Saturday, June 24, 2023

The Smallness of Older Superhero Films

Some time ago I remarked running across the 1990 Teenage Mutant Ninja Turtles film on cable, and being struck by how different it was from more recent superhero movies (the more recent Turtles movies included)--not least in the smallness of the plot, and the scale of the action.

Back then you could make smaller superhero films like this one--and even have a big hit out of it. (The Turtles movie, the budget of which Box Office Mojo reports as an even then not particularly extravagant $13.5 million, was the #5 hit at the box office in 1990.*)
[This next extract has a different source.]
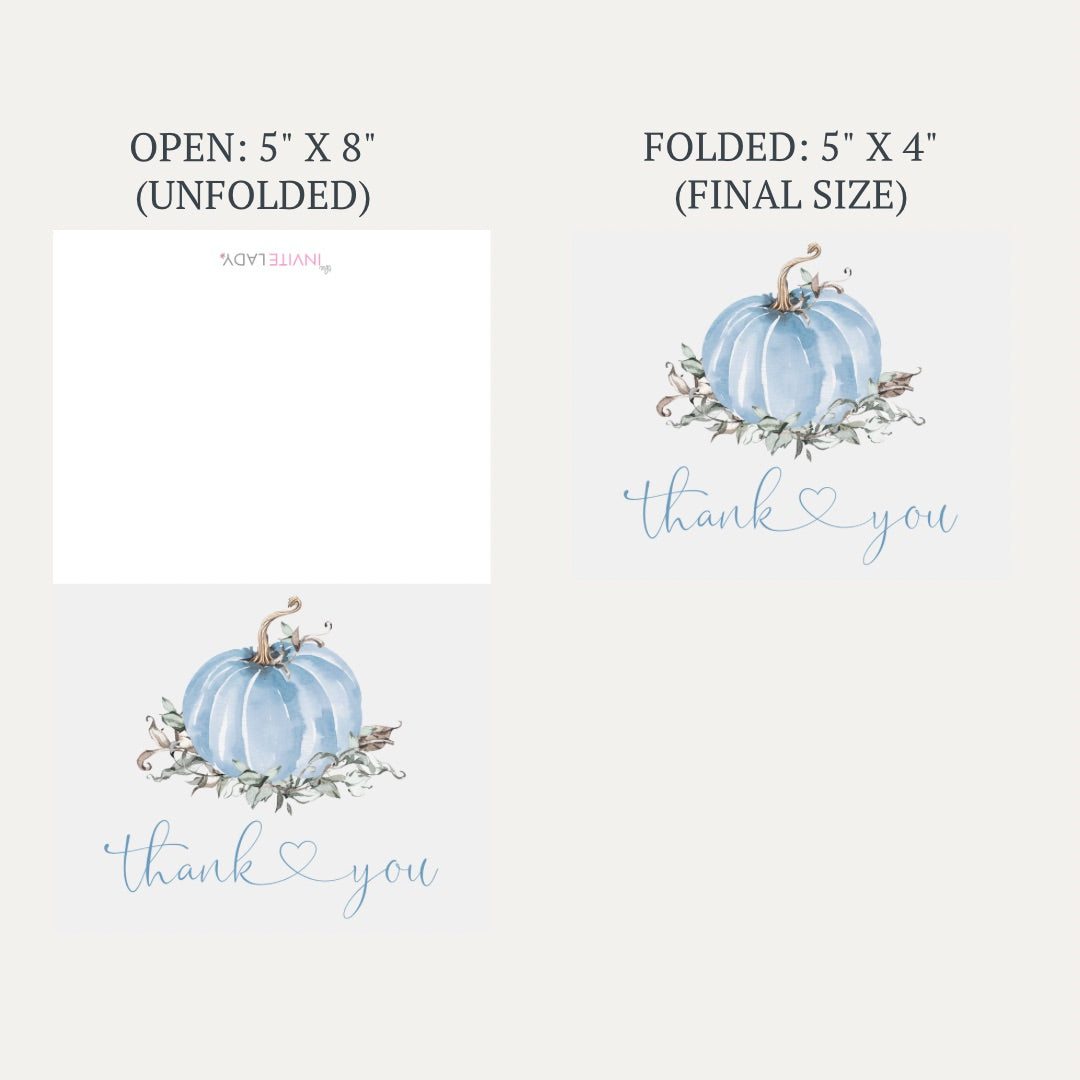 Painted Pumpkin Blue Baby Shower Thank You Card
By contrast today even a near $100 million movie (triple the inflation-adjusted cost of that Turtles movie) is "too small" for the theaters (such that Batgirl was buried, Blue Beetle upgraded), with the fact only underlined by what happens when such movies do hit theaters (like Shazam 2).

I keep saying it myself over and over again--people need a reason to buy the $20 ticket rather than watch the movie at home a couple of months later, and big-screen spectacle is the easiest reason to offer of all, with all that means for the smaller films. But the requirement that the movie be colossal or nothing sharply limits what filmmakers can do, making us weary of the form that much faster, with the famous "fatigue" evidently catching up with the industry.

* By contrast the same year's Total Recall and Die Hard 2 were budgeted in the $60-$70 million range, The Hunt for Red October perhaps $40 million, and Best Picture contenders Ghost and Dances With Wolves $22 million. For what it is worth, $13.5 million in 1990 is equal to about $33 million today.